:: Action item ::
Repeat only part of the entries. Start at the line that has "teclado gaming razer" and keep going through the last line, exactly as given.

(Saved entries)

_ _ _ _ _

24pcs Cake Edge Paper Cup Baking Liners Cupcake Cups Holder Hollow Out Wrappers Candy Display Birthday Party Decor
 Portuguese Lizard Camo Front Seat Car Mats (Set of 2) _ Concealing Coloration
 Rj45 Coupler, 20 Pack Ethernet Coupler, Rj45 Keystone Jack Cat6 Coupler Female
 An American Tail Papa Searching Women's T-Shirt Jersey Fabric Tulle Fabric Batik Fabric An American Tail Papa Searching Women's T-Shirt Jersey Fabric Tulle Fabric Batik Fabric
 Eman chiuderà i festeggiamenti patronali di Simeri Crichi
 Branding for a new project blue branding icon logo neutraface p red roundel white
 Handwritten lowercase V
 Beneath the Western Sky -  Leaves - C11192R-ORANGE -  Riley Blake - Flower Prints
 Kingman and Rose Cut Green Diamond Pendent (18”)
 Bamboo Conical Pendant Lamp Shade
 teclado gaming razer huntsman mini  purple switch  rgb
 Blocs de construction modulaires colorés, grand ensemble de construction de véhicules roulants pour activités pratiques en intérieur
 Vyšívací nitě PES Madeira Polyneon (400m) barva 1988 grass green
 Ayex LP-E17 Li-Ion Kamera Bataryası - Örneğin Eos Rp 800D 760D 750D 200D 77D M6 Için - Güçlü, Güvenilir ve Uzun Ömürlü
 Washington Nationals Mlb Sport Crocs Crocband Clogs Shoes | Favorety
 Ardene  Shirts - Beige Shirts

_ _ _ _ _

:: Reply to the task ::
 teclado gaming razer huntsman mini  purple switch  rgb
 Blocs de construction modulaires colorés, grand ensemble de construction de véhicules roulants pour activités pratiques en intérieur
 Vyšívací nitě PES Madeira Polyneon (400m) barva 1988 grass green
 Ayex LP-E17 Li-Ion Kamera Bataryası - Örneğin Eos Rp 800D 760D 750D 200D 77D M6 Için - Güçlü, Güvenilir ve Uzun Ömürlü
 Washington Nationals Mlb Sport Crocs Crocband Clogs Shoes | Favorety
 Ardene  Shirts - Beige Shirts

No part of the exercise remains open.